CUDA Quantum in C++

Here we seek to get the new user started with some basic C++ examples using CUDA Quantum.

Introduction

Welcome to CUDA Quantum! We’re going to take a look at how to construct quantum programs using CUDA Quantum kernel expressions.

CUDA Quantum kernels are any typed callable in the language that is annotated with the __qpu__ attribute. Let’s take a look at a very simple “Hello World” example, specifically a CUDA Quantum kernel that prepares a GHZ state on a programmer-specified number of qubits.

// Compile and run with:
// nvq++ static_kernel.cpp -o ghz.x && ./ghz.x

#include <cudaq.h>

// Define a CUDA Quantum kernel that is fully specified
// at compile time via templates.
template <std::size_t N>
struct ghz {
  auto operator()() __qpu__ {

    // Compile-time, std::array-like qreg.
    cudaq::qreg<N> q;
    h(q[0]);
    for (int i = 0; i < N - 1; i++) {
      x<cudaq::ctrl>(q[i], q[i + 1]);
    }
    mz(q);
  }
};

int main() {

  auto kernel = ghz<10>{};
  auto counts = cudaq::sample(kernel);
  counts.dump();

  // Fine grain access to the bits and counts
  for (auto &[bits, count] : counts) {
    printf("Observed: %s, %lu\n", bits.data(), count);
  }

  return 0;
}

Here we see that we can define a custom struct that is templated on a size_t parameter. Our kernel expression is free to use this template parameter in the allocation of a compile-time-known register of qubits. Within the kernel, we are free to apply various quantum operations, like a hadamard on qubit 0 h(q[0]). Controlled operations are modifications of single-qubit operations, like the x<cudaq::ctrl>(q[0],q[1]) operation to affect a controlled-X. We can measure single qubits or entire registers.

In this example we are interested in sampling the final state produced by this CUDA Quantum kernel. To do so, we leverage the generic cudaq::sample function, which returns a data type encoding the qubit measurement strings and the corresponding number of times that string was observed (here the default number of shots is used, 1000).

To compile and execute this code, we run the following

nvq++ static_kernel.cpp -o ghz.x
./ghz.x

Computing Expectation Values

CUDA Quantum provides generic library functions enabling one to compute expectation values of quantum spin operators with respect to a parameterized CUDA Quantum kernel.
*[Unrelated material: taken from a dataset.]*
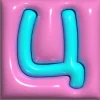 🔠 Эмодзи «3D алфавит» для Telegram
Let’s take a look at an example of this:

// Compile and run with:
// nvq++ expectation_values.cpp -o d2.x && ./d2.x

#include <cudaq.h>
#include <cudaq/algorithm.h>

// The example here shows a simple use case for the cudaq::observe()
// function in computing expected values of provided spin_ops.

struct ansatz {
  auto operator()(double theta) __qpu__ {
    cudaq::qreg q(2);
    x(q[0]);
    ry(theta, q[1]);
    x<cudaq::ctrl>(q[1], q[0]);
  }
};

int main() {

  // Build up your spin op algebraically
  using namespace cudaq::spin;
  cudaq::spin_op h = 5.907 - 2.1433 * x(0) * x(1) - 2.1433 * y(0) * y(1) +
                     .21829 * z(0) - 6.125 * z(1);

  // Observe takes the kernel, the spin_op, and the concrete params for the
  // kernel
  double energy = cudaq::observe(ansatz{}, h, .59);
  printf("Energy is %lf\n", energy);
  return 0;
}

Here we define a parameterized CUDA Quantum kernel, a callable type named ansatz that takes as input a single angle theta. This angle is used as part of a single ry rotation.

In host code, we define a Hamiltonian operator we are interested in via the CUDA Quantun spin_op type. CUDA Quantum provides a generic function cudaq::observe which takes a parameterized kernel, the spin_op whose expectation value we wish to compute, and the runtime parameters at which we evaluate the parameterized kernel.

The return type of this function is an cudaq::observe_result which contains all the data from the execution, but is trivially convertible to a double, resulting in the expectation value we are interested in.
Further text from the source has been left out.